In 2015 I began a combinatorial project, Remember me. a collective narrative in found words and photographs, to respond to the divisive tone emerging in our country. Since then, I have hand-embroidered over 1,200 found family photographs with texts copied from anonymously-written obituaries. My intent is to reflect our personal truths, through photos and words, in the lives of others. This abundance and accumulation of the vernacular illustrates that there is more that connects than separates us—that we are more alike than different.

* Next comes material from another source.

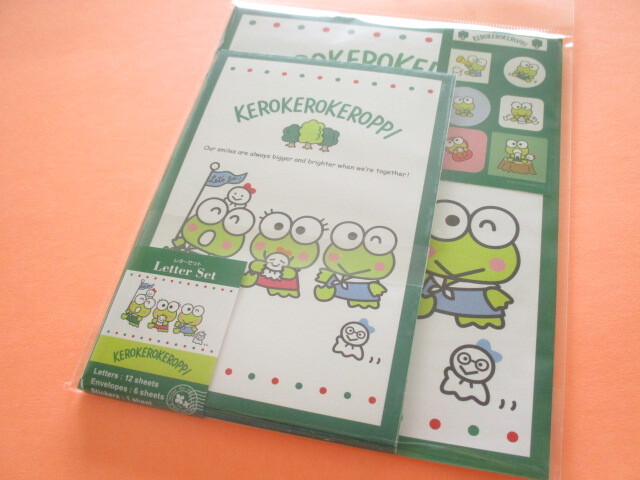 Photo1: Kawaii Cute Letter Set Sanrio *Kerokerokeroppi (3 brothers）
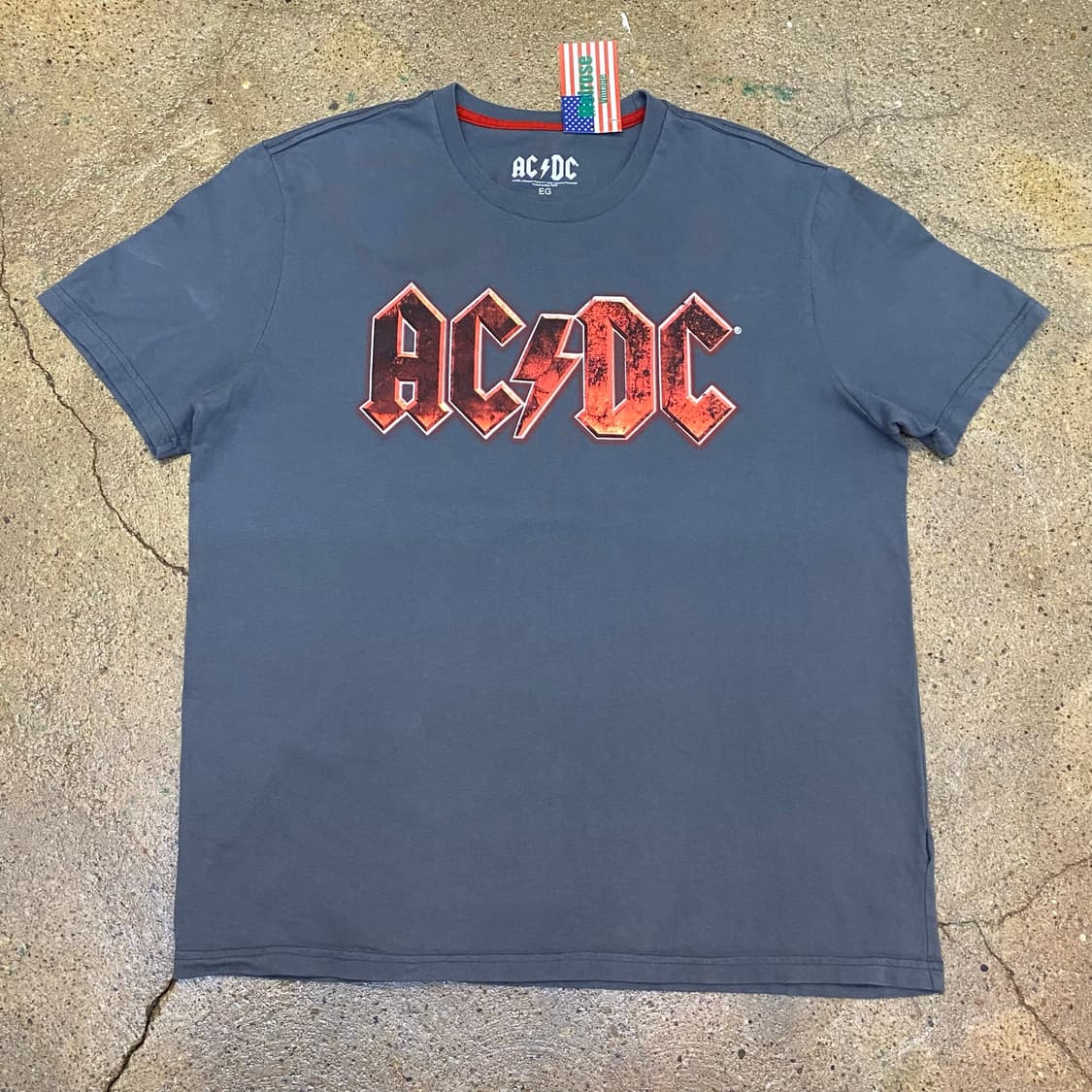 ACDC 프린팅 반팔티 상품이미지1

“Every photograph is a certificate of presence.”

— Roland Barthes

“The ultimate wisdom of the photographic image is to say: ‘There is the surface. Now—think—or rather feel, intuit—what is beyond it, what the reality must be like if it looks this way.’ Photographs, which cannot themselves explain anything, are inexhaustible invitations to deduction, speculation, and fantasy.”

— Susan Sontag

These embroidered photos formed part of a recent immersive installation at the Yellowstone Art Museum, Billings, Montana. Framed photos accompanied by refurbished thrift store mid-century furniture, knickknacks and mounds of found, anonymously hand-crocheted doilies and afghans, alluded to familiar domestic spaces. This accumulation of collected and remixed memories called attention to the universal aspects of human experience. The nostalgia evoked created positive feelings and promoted social connectedness.

Montana-based Jane Waggoner Deschner has been an exhibiting artist for forty years; for the last twenty her medium has been the found family photograph. Her work has been shown in numerous venues including Robert Mann Gallery, NYC; Fort Collins Museum of Art, CO; University of Michigan-Dearborn; Missoula Art Museum, MT; Churchill Arts, Fallon, NV; and other galleries and museums. Her large solo immersive installation Remember me. at the Yellowstone Art Museum, Billings, Montana, closed in January 2023. Deschner’s piece about Congresswoman Stephanie Murphy was highlighted in In Her Hands, an invitational exhibition that focused on progressive women politicians at Robert Mann Gallery, NYC, through summer 2018. In 2019 and 2020, her work was selected for inclusion in two Kris Graves Project publications, Not Wrong No 2—Solace and On Death: the book. In December 2019, she was selected by the Montana Arts Council as an Artist Innovation Award recipient, and in 2022 received a $10,000 ARPA grant.

Deschner earned an MFA from Vermont College of Fine Arts in 2001. After growing up in Kansas, she moved to Montana in 1977 where she currently lives. In addition to being a mixed media artist, she works as an exhibition installer, graphic designer, photographer, curator, instructor and picture framer.